Si sente a suo agio. Deve essere una di quelle persone con un
grande spirito di adattamento. Si accende una sigaretta e ci
guardiamo per un attimo. Non deve trovarmi attraente.
Non è da tutti entrare nel pieno della notte in casa
di un estraneo e accendersi una sigaretta.
Cerco di assecondarla. Le offro una birra che non accetta. Secondo
lei dovevo saperlo che non beve birra.
Viene fuori che è mia moglie. Io lo so bene che si sbaglia,
ma non mi va di urtarla. Ha pur sempre una motosega.
- Bella motosega ! -.
- Ah già, lo sai che papà un giorno o l’altro
ce l’avrebbe prestata -.
- Per la segatura non farti problemi. Ci penso io a sistemare
tutto -.
- Beh, non sarei dovuta entrare in quel modo -.

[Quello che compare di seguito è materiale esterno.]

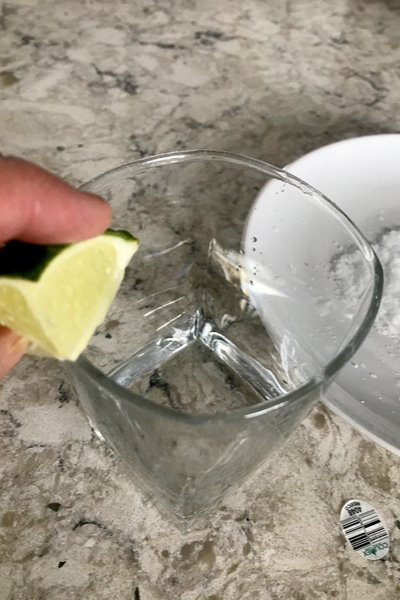 lime for pure Mexican margarita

- Quello che fatto è fatto ! -.
Certo, una moglie dovrebbe averle le chiavi di casa, ma pensarci
in questo momento non serve a nulla. Mi abituo alla situazione.
E’ pur sempre una donna. Rinuncio facilmente a dire la
verità.
- Aspetto un bambino! -.
- Dimmi dove e ti ci porto -.
- Sono sei mesi che lo aspetto! -.
- Avresti dovuto dirlo prima, come vuoi che sia ancora lì
ad aspettarti. Avrà preso l’autobus! -. Provo a
farla ridere. Non ride.
- Tu non credi alla cicogna? -.
- Prendere l’autobus è più facile che saltare
in groppa a una cicogna-.
Non sapevo quello che stavo dicendo.
- Come vorresti chiamarlo il bambino? -.
- Ce l’avrà un nome! -.
- A me David non dispiace. Cosa ne dici di David? -.

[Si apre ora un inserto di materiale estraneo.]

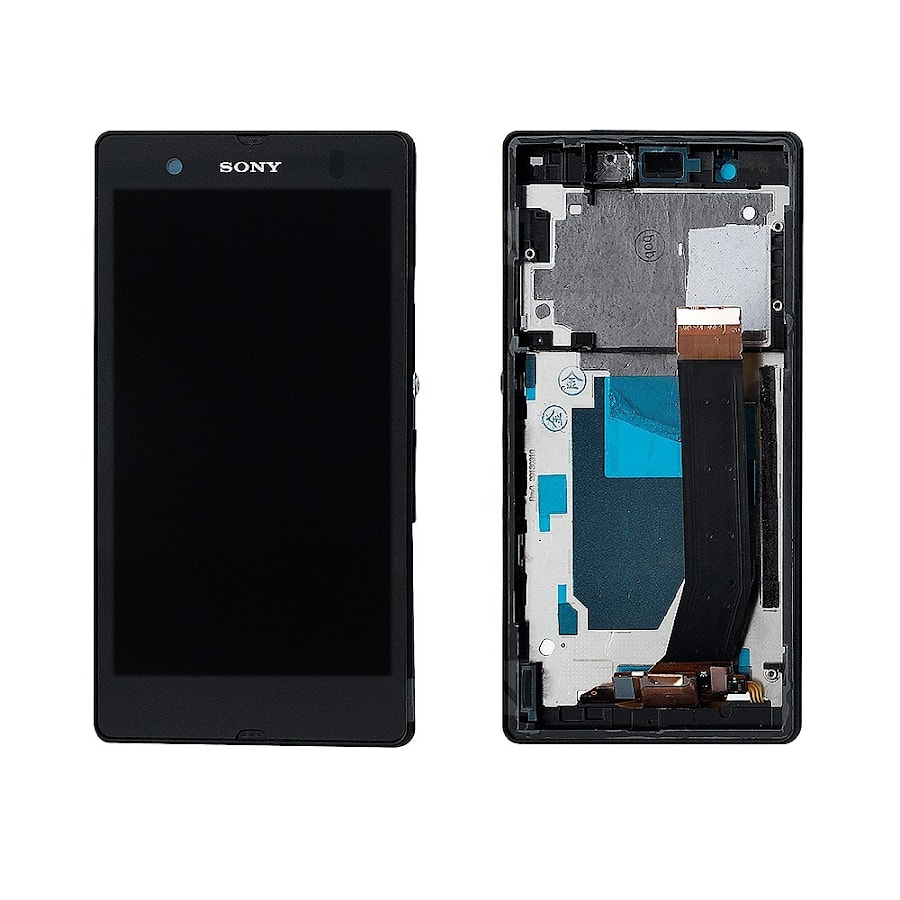 Дисплей, матрица и тачскрин для смартфона Sony Xperia Z C6602, 5" 1080x1920, A+. Черный.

- Da quando in qua te ne vai in giro a cambiare nome ai bambini
che aspetti?-.
Sto esagerando. L’alcool mi fa superare le barriere.
- Se eri contrario, dovevi dirmelo subito? -.
- Perché dovrei prendermela? Sei libera di aspettare
chi vuoi -.
- E’ un maschietto! -.
- Fantastico. Di sicuro non vedendoti arrivare sarà andato
con i suoi amici a giocare a basket!-.
- Dovrei chiamare un dottore -.
- Non credi di esagerare. Col basket non è mai morto
nessuno -.
- Sei tu il padre del bambino che sto aspettando -.
E’ una discussione da pazzi. Fingo di essere turbato,
quasi fosse vera la storia della mia paternità. Poi lei
dice che si sente stanca e che ne avremmo discusso la mattina
dopo. Ora voleva solo andare a letto.
Dice anche che la strada la conosce. Sale le scale dopo avermi
augurato la buona notte, poi chiude la porta della camera da
letto. Non ho più niente a cui pensare. Deve essere un
sogno oppure c’è qualcosa che non va in quelle
birre.
La mattina dopo mi sveglio con la testa più leggera del
solito. Non salgo nemmeno a controllare come se la passa nella
mia camera.
Meglio abituarsi subito a questa nuova vita. Preparo una spremuta
di arance e dei panini, poi salgo di sopra. Lei non c’è.
Resto in piedi anche quella notte. Se qualcuno bussa alla mia
porta, mi aspetto che lo faccia alle tre di notte.
E’ una brutta serata, così decido di finire la
scorta di birre amare del mio amico. Niente visite.
La prossima volta sarà meglio chiamare la polizia.